BRIEF:
Pictures in the material below are to be left out, and only the lines from the line with "Omega Speedmaster Moonphase" up to and including the line with "Baseball mom SVG" are to be written out exactly.

RECORDS TO USE:
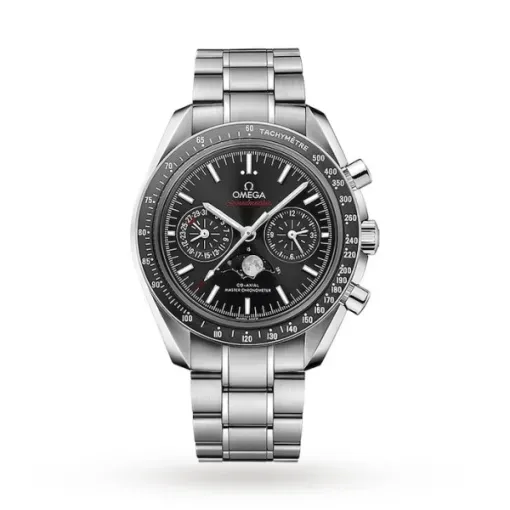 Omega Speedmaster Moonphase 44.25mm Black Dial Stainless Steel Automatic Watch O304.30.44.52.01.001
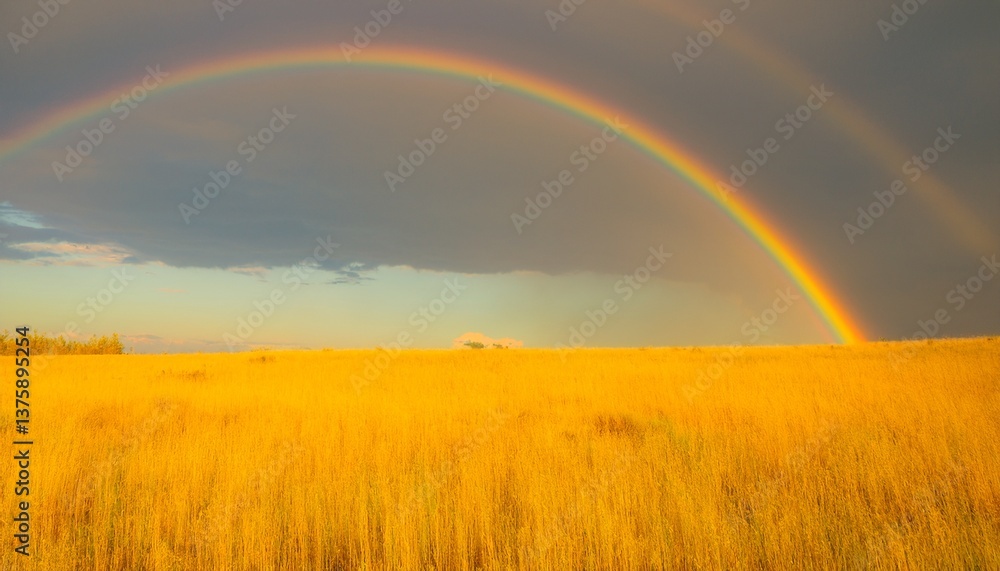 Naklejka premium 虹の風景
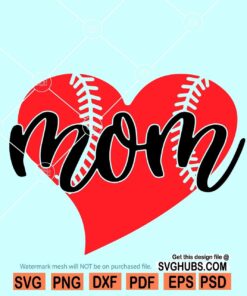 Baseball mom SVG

---

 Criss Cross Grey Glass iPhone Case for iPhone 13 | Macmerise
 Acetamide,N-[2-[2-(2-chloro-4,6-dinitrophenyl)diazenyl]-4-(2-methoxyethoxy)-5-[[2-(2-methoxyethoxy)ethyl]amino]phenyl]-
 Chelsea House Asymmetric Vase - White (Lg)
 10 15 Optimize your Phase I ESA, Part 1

* * *

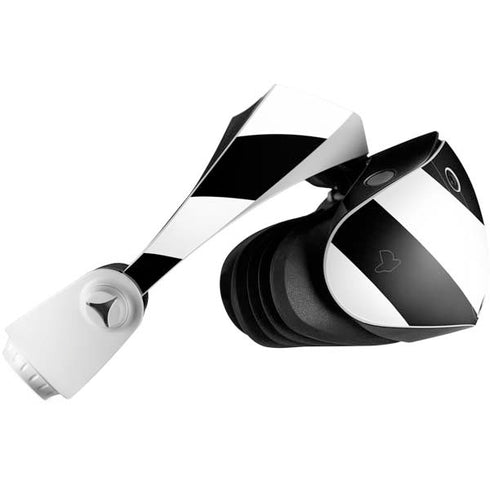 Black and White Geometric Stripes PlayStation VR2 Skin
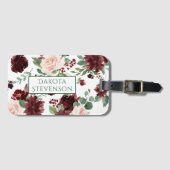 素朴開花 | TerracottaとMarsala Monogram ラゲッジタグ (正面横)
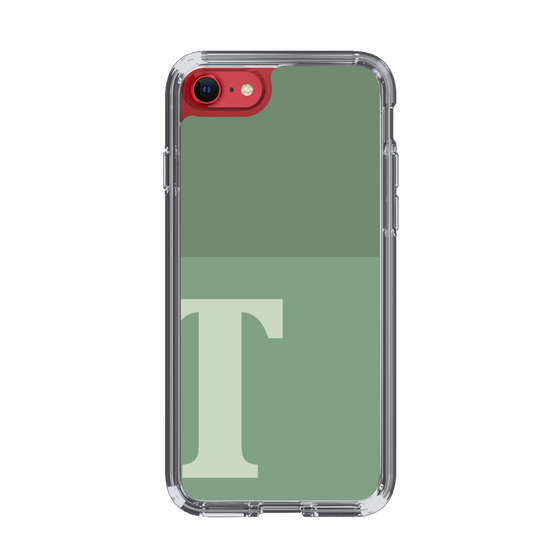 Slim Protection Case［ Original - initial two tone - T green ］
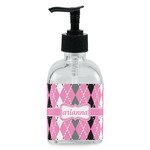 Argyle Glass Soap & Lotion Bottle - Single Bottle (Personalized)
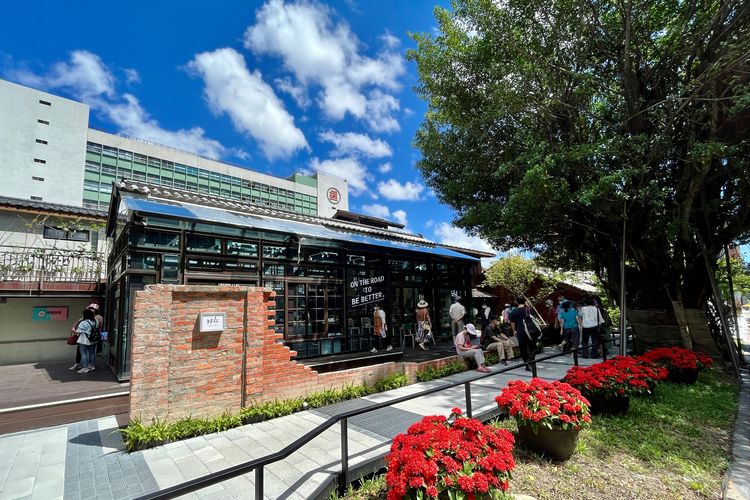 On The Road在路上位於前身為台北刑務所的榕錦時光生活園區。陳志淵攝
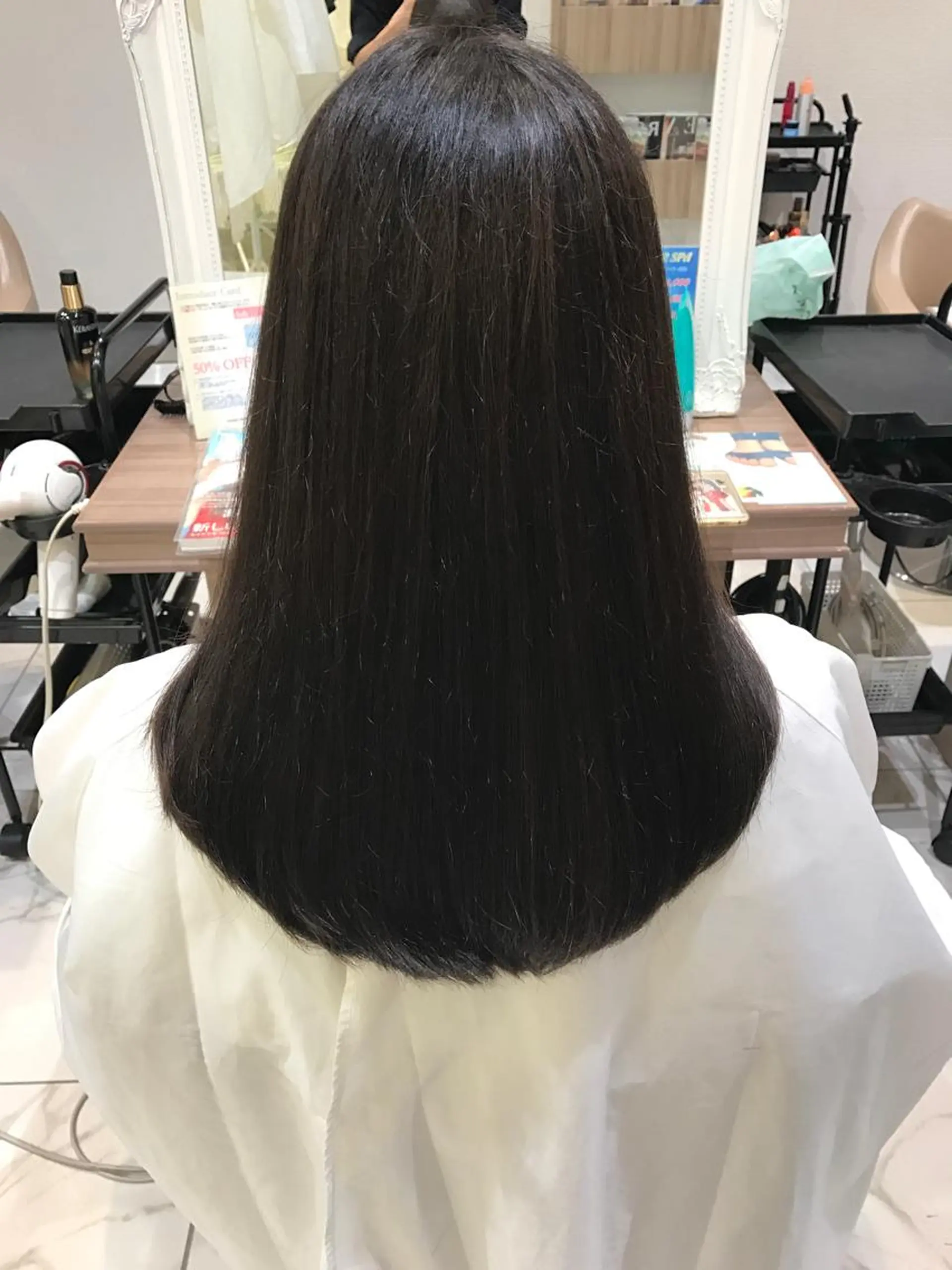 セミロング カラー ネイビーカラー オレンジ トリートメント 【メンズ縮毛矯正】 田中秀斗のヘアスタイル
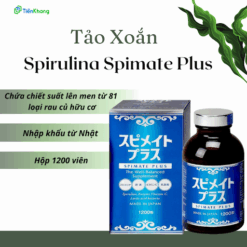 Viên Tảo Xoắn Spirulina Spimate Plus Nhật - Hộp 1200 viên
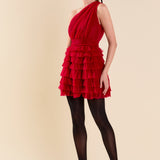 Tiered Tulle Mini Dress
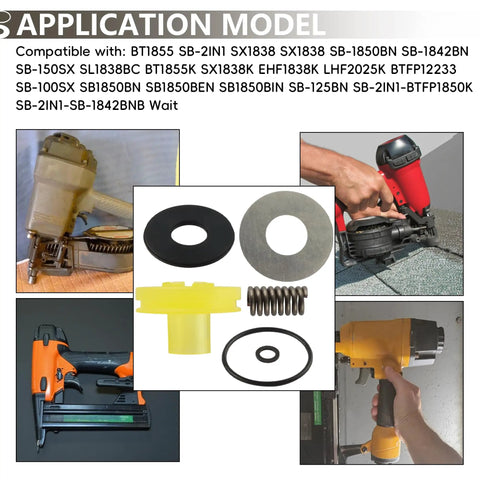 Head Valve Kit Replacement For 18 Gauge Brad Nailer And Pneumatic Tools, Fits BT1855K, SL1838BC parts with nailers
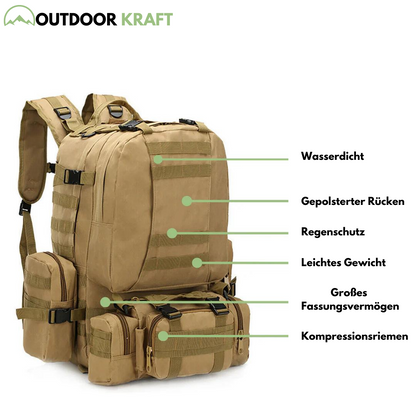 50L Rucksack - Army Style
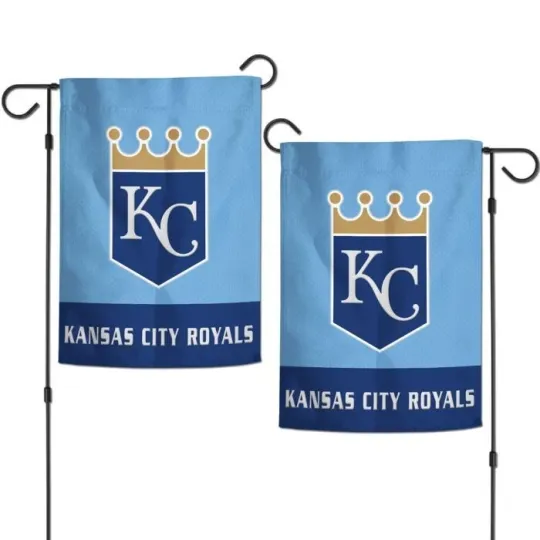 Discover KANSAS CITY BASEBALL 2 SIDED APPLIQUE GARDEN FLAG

WORKED SOLUTION:
 Omega Speedmaster Moonphase 44.25mm Black Dial Stainless Steel Automatic Watch O304.30.44.52.01.001
 Naklejka premium 虹の風景
 Baseball mom SVG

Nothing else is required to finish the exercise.